Let $f: [0,1] \rightarrow \mathbb{R}$ be continuous with $f(1)=f(0)$. Prove that if $h\in \left(0,\frac{1}{2}\right)$ is not of the form $\frac{1}{n}$, then there does not necessarily exist $|x-y|=h$ satisfying $f(x)=f(y)$. Provide an example that illustrates this using $h=\frac{2}{5}$.

So I was given the hint that I can use a modified $sin$ function, however I'm not really sure how I would go about that. Preferably, an example not using that would be great.

My thoughts so far are that I use a proof by contradiction saying that $\exists$ $x,y\in[0,1]$ such that $f(x)=f(0)$ and $|x-y|=h$. And I need to get to the point where $h=\frac{1}{n}$, which would create the contradiction (I assume that's the endpoint?). However, how would I use $h=\frac{2}{5}$ to prove that? Is it trivial in that $h=\frac{1}{n}$ is false?
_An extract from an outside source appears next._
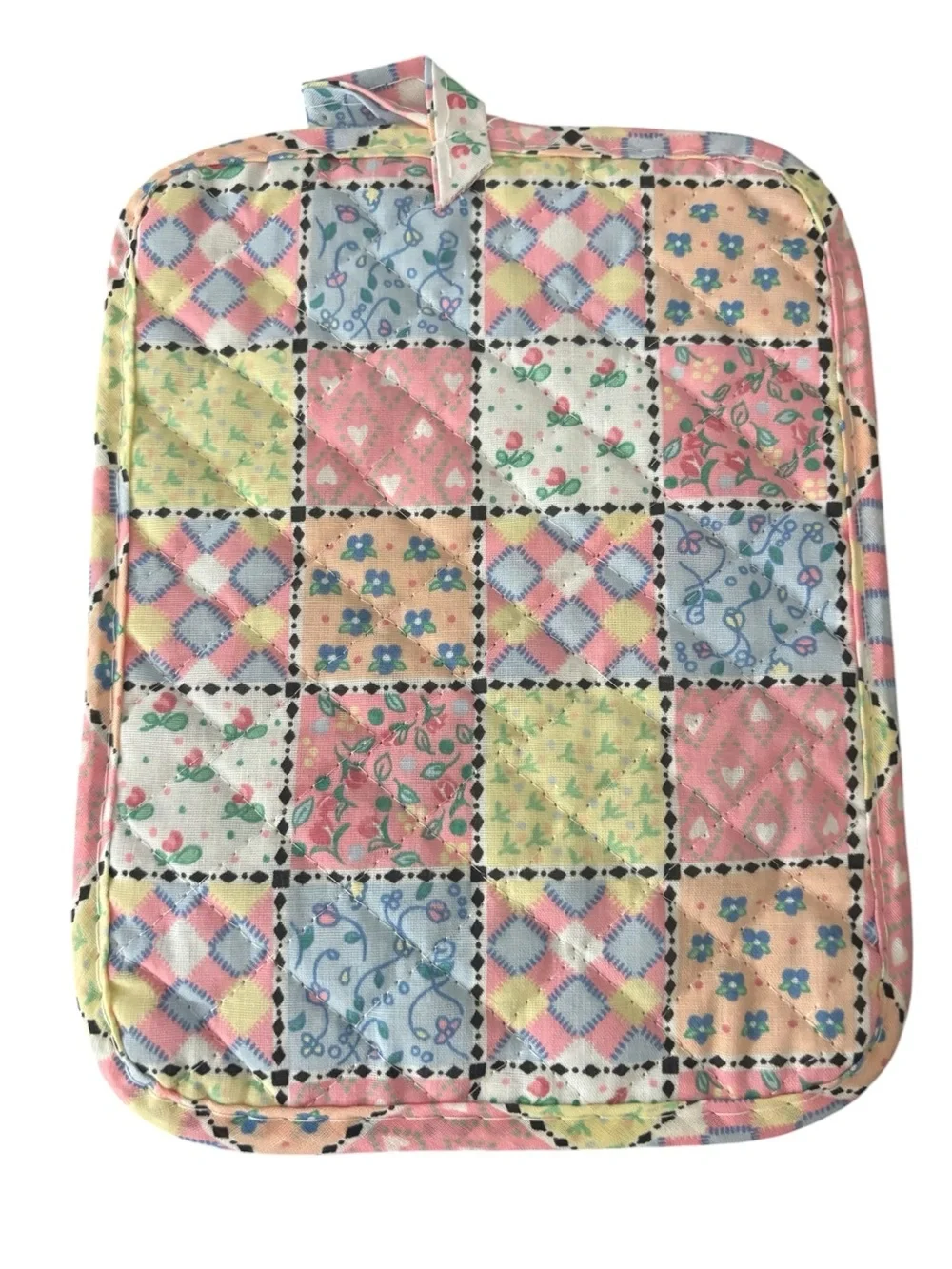 Precious Moments 90s Dish Towel Pot Holder Set Make a Joyful Noise VTG Cottage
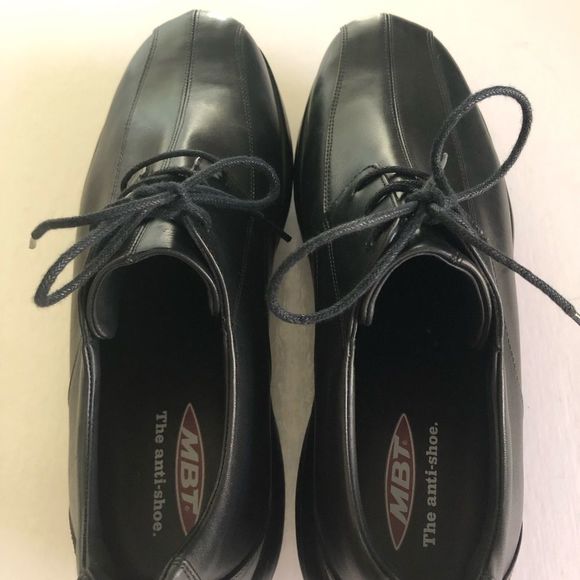MBT The Anti-Shoe Men’s Black Leather Shoes 9.5 US - Picture 8 of 10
Also, it isn't given that $n\in \mathbb{N}$, so maybe I shouldn't assume that?

Answer 1

What would it take to modify $\sin x$ to make it satisfy $f(0) = f(1)$? Well, $\sin 0 = \sin \pi$, so how about $$f(x) = \sin \left(\pi x\right)\,\text{?}$$

Now you just need to show that $$\sin \left(\pi x\right) \ne \sin \left(\pi x + \frac {2\pi}5\right)$$ for any $x \in [0, \frac 35]$, or equivalently, $$\sin x \ne \sin \left(x + \frac {2\pi}5\right)$$ for any $x \in [0, \frac{3\pi}5]$.

A little trig should give you a formula in the tangent satisfied by any $x$ for which the above is true. Show that the only solutions fall outside of $[0, \frac{3\pi}5]$ and you are done.